(Mirror) For decades, most of Broward County’s cultural institutions were found in Fort Lauderdale. But now, that’s changing as the city of Pompano Beach invests significant in the arts, making Fort Lauderdale’s northern neighbor a destination for theater, concerts, exhibitions and festivals.
Among the visionaries leading the way is Jody Leshinsky, former assistant director of Broward County’s Cultural Division. Leshinsky retired from the county just two and a half years ago, but that retirement was short lived.
“My whole retirement was two weeks,” she recounted in a telephone interview.
First, Leshinsky joined the Pompano Beach Community Redevelopment Agency (CRA), charged with jumpstarting early efforts at the city’s new venues, Bailey Contemporary Arts (BaCA) in the city’s historic downtown, and the Pompano Beach Cultural Center, which was under construction.
“It was a priority for the city—when they do their annual goals—that they include the cultural arts. Several years ago, the city wrote a master plan to redevelop two areas, the Northwest CRA and Beach CRA, and the arts were a key piece. When you have the arts, people will come and that can change the neighborhood,” she pointed out.
Last year, Leshinsky transitioned to the city administration as cultural venues programming manager.

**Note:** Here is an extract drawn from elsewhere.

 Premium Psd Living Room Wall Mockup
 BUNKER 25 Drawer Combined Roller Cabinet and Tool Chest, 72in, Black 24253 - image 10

She oversees all the programs at the cultural center and BaCA, as well as the Blanche Ely House Museum and Historic Ali Cultural Arts Center, former residences turned gallery, classroom and office spaces.
In keeping with the city’s commitment to diversity, each of the venues hosts signature events, ranging from jazz concerts, salsa dancing lessons, poetry jams, a comedy series and storytelling workshops, in addition to the usual art and dance classes, theater performances and concerts.
Leshinsky and her team are also focusing on bringing regional and national artists to the venues, including Miami City Ballet, South Florida Chamber Ensemble, Murder Mystery Dinner Theater and Opera Fusion.
One of the most popular events is Old Town on Tap, a street festival held on the first Friday of each month showcasing local artists and, of course, artisanal beer. Depending on the month, the event may draw up to 5,000 residents and visitors.
“We really try to make sure we have something for everyone at each of our venues,” she explained. “The fun stuff is sitting in a meeting and brainstorming ideas.”
Leshinsky, also an accomplished professional photographer, is thriving in her role:
“I get out of bed really early and get here at 7 a.m., then I’m answering 5,000 emails, giving tours, proofreading—I do a lot of proofreading— but that’s what I do…the end product drives me because I believe in it. I’m so proud to be working in Pompano and proud of a city and commissioners that believe in the arts,” she concluded.